**** Material shown ****

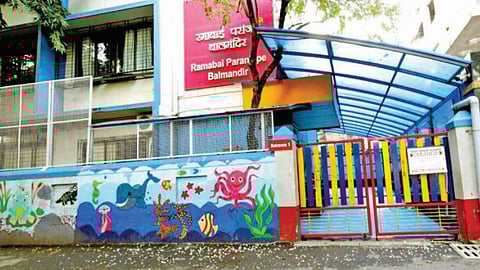 Abhijat Marathi schools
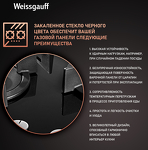 Превью картинка Газовая варочная панель Weissgauff HGG 451 BGh #3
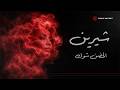 Sherine El Hodn Shok Lyric Video شيرين الحضن شوك فيديو مع الكلمات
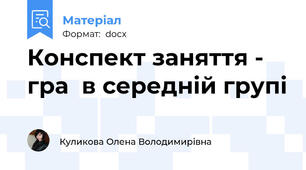 Конспект заняття - гра  в середній групі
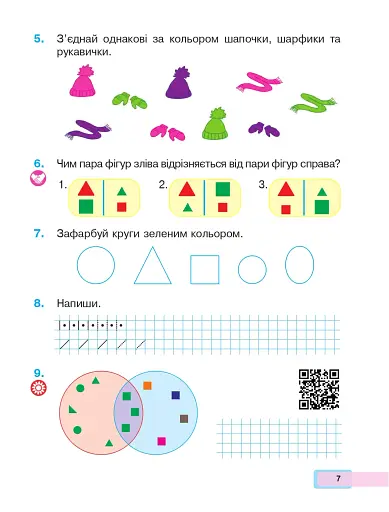 Математика. 1 клас. Частина 1 - фото 6
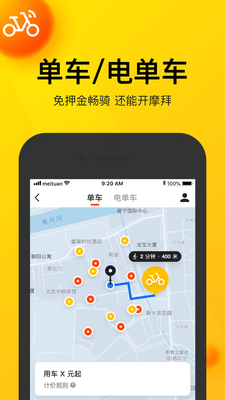 美团苹果版截图3
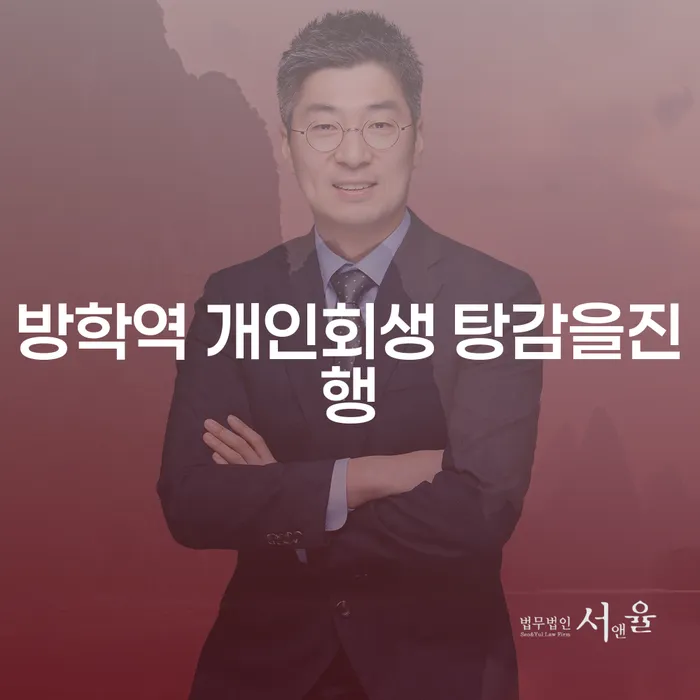 방학역 개인회생 탕감을진행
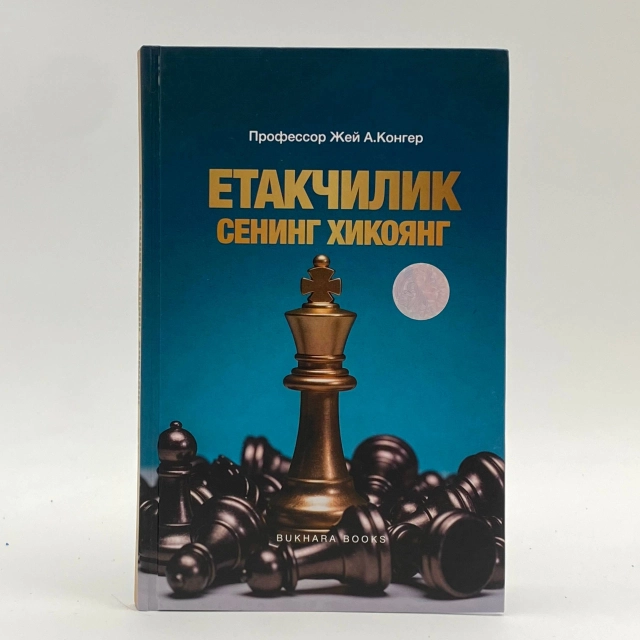 Professor Jey A.Konger: Yetakchilik sening hikoyang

****

* **Try it**: The records above need to be restated word for word, with the pictures left out.

* **Answer area**:
 Abhijat Marathi schools
 Превью картинка Газовая варочная панель Weissgauff HGG 451 BGh #3
 Sherine El Hodn Shok Lyric Video شيرين الحضن شوك فيديو مع الكلمات
 Конспект заняття - гра  в середній групі
 Математика. 1 клас. Частина 1 - фото 6
 美团苹果版截图3
 방학역 개인회생 탕감을진행
 Professor Jey A.Konger: Yetakchilik sening hikoyang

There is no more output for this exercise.